§ **SOURCE MATERIAL**
▽

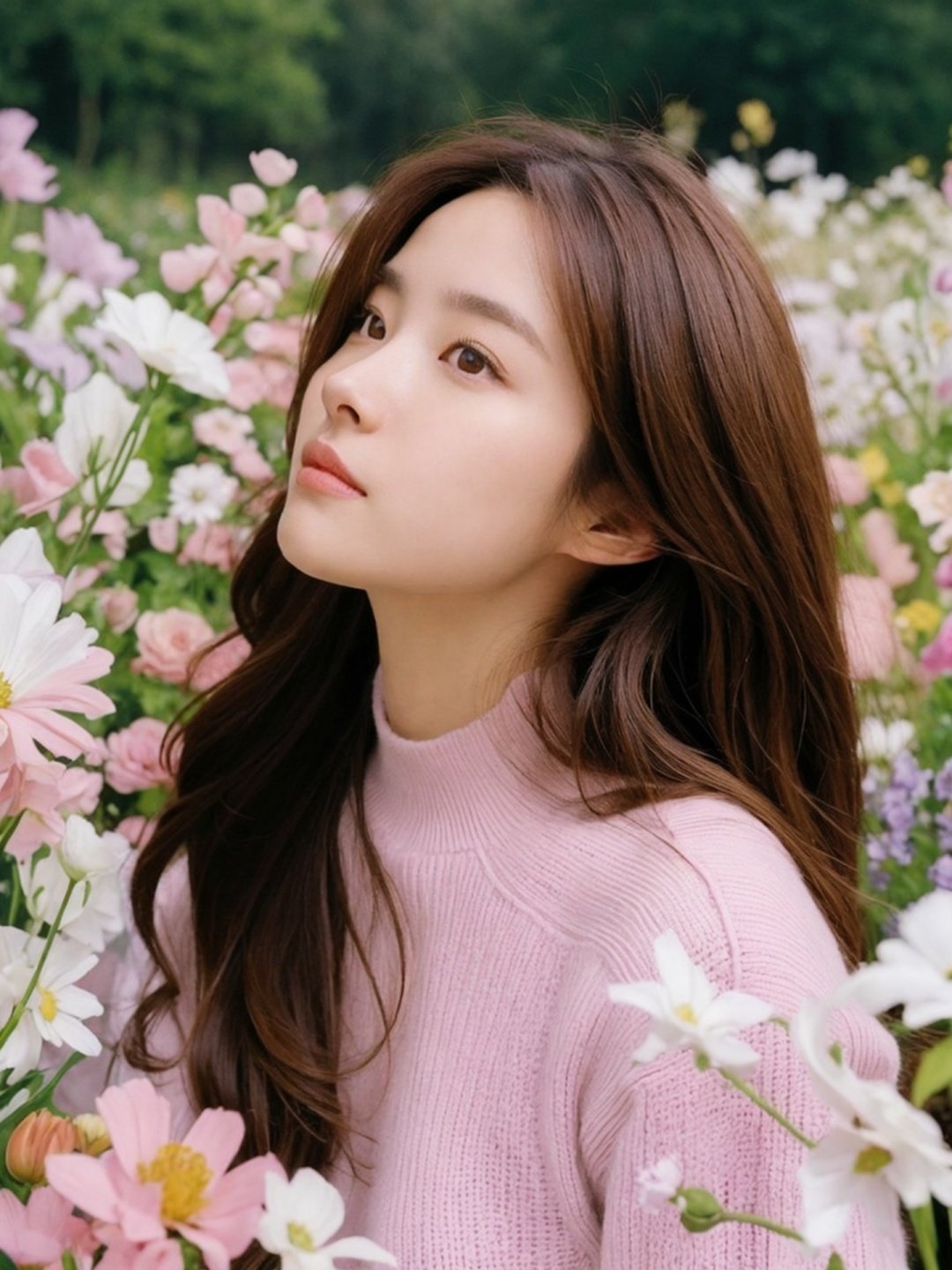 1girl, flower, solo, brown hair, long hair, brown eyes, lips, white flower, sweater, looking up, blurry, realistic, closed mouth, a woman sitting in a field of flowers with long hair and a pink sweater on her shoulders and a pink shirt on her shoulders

△
▽

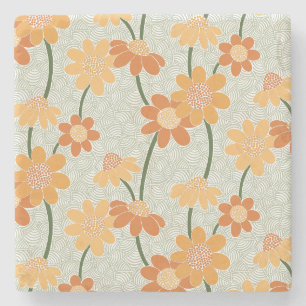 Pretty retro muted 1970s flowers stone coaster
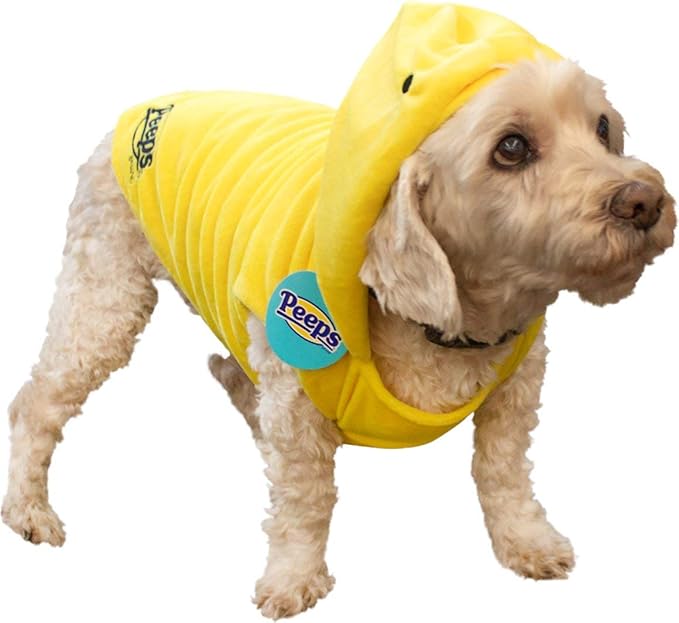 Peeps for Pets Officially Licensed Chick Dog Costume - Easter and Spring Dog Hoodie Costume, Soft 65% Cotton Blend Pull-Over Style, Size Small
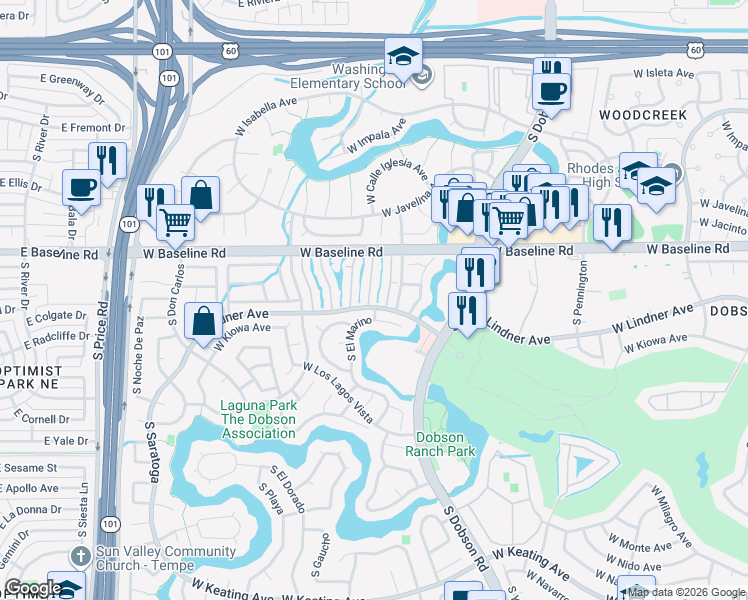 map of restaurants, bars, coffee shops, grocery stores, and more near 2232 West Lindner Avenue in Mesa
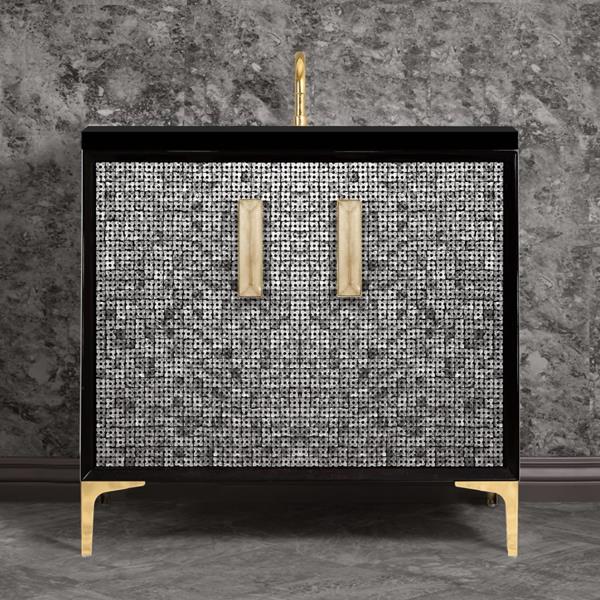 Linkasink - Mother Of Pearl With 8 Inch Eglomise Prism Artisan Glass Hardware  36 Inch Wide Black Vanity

△
▽

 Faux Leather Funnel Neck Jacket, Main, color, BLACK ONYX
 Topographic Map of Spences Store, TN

△

§ **REQUIRED WORK**
From the entries above, copy exactly the lines starting at the one with "Pretty retro muted" and stopping at the one with "map of restaurants, bars, coffee", keeping both ends. Drop the pictures.

§ **RESPONSE FOR THIS EXERCISE**
 Pretty retro muted 1970s flowers stone coaster
 Peeps for Pets Officially Licensed Chick Dog Costume - Easter and Spring Dog Hoodie Costume, Soft 65% Cotton Blend Pull-Over Style, Size Small
 map of restaurants, bars, coffee shops, grocery stores, and more near 2232 West Lindner Avenue in Mesa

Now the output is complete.